Last year i was fascinated by a presentation [slides] by Etsy about their approach of metrics driven engineering - see their blog post - Measure Anything, Measure Everything. They started with some questions: how many of us had access to our production logs (a reassuringly high amount), and how many of us could tell them how many hits our application was getting right now / how many hits it got this time last year.
They outlined how they use Graphite to visualise how their applications are running in their live environment, and how they use logster and StatsD to feed information in from a variety of sources such as log files and UDP packets sent by their application. The metrics shown in Graphite are an aggregate view of things like response codes, response time, checkouts and basically any other arbitrary information their engineers find interesting. Their mantra of measure everything stems from the fact that this is valuable data, which can quickly indicate issues with deployments (they deploy around 20 times a day) or the environment the application runs in.
The confidence that this gives them allows them to move faster and respond more quickly. So, should they deploy a fresh new build and see the HTTP 5xx status codes jump, or the checkouts suddenly dip, they can respond by reverting ASAP. Having access to this sort of real time data is incredibly powerful (not to mention addictive).
The advice is to make it easy for developers to get metrics into Graphite, and then sit back and see what happens. So the two main feeder technologies you have to work with are:
- StatsD - a node.js app which collates metrics from UDP packets and performs some aggregation
- Logster - a Python framework which allows you to adapt or create parsers easily which aggregate information from your log files
Screenshots
So, I’ll show you some pretty pictures. Graphite is a web application which provides a view on to aggregated data. It provides the ability to build custom charts with the metrics you have pushed in using Logster, StatsD or something else. You can further aggregate data series and use other functions to transform the data you are interested in. You can view metrics over arbitrary time periods and drill down to as much granularity as you’ve recorded (most likely the individual server level if you used Logster).
It also has a dashboard builder, albeit slightly lacking - we have built custom dashboards using the simple image api - configuration, functions and metric names are passed by parameter in a simple URL.
Our progress
Almost one year on and we have a number of teams in the organisation feeding data into Graphite using logster. We have data coming from browsers, from Apache, from applications through Log4J, from Squid and more. Interest is still growing but we have already seen huge benefits and an improvement to our stability response.
Dashboards mounted on walls keep us up to date with problems and have become the heartbeat for our applications. When we are deploying we watch for issues closely, and we keep a weather eye on the app all day. Although we’re not quite at the point where we’re controlling our own deployments, our delivery team have taken a lot more responsibility for the application’s stability, which can only be a good thing.

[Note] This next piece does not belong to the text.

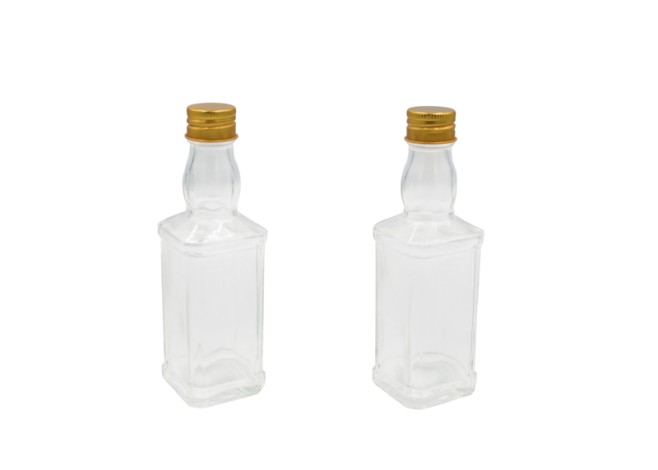 ΜΠΟΥΚΑΛΙ ΜΕ ΧΡΥΣΟ ΒΙΔΩΤΟ ΚΑΠΑΚΙ 100ml 0621661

So what sort of things do we log? In the chart below you can see our traffic pattern over a 48 hour period, with a 24 hour offset level in green for comparison. Although this is a fairly static chart it does sometimes alert us to serious stability issues when our traffic has dropped steadily, and once to a DNS misconfiguration which sent a high volume of traffic for another application to ours.
More changeable is a chart of error indicators such as log statements above WARN, and HTTP 500 status codes issued to users. This is one of the most telling chart of them all, indicating anything from a faulty external dependency to some sort of scraping activity.
We also show a chart of the median response times for requests, and a measure of the realistic time it takes users to load pages, as reported by browsers using the Boomerang library. As well as reassurring us of the shape of our overall page performance, it allows us to see when our users are impacted by slowdowns caused by database issues, slow external dependencies etc.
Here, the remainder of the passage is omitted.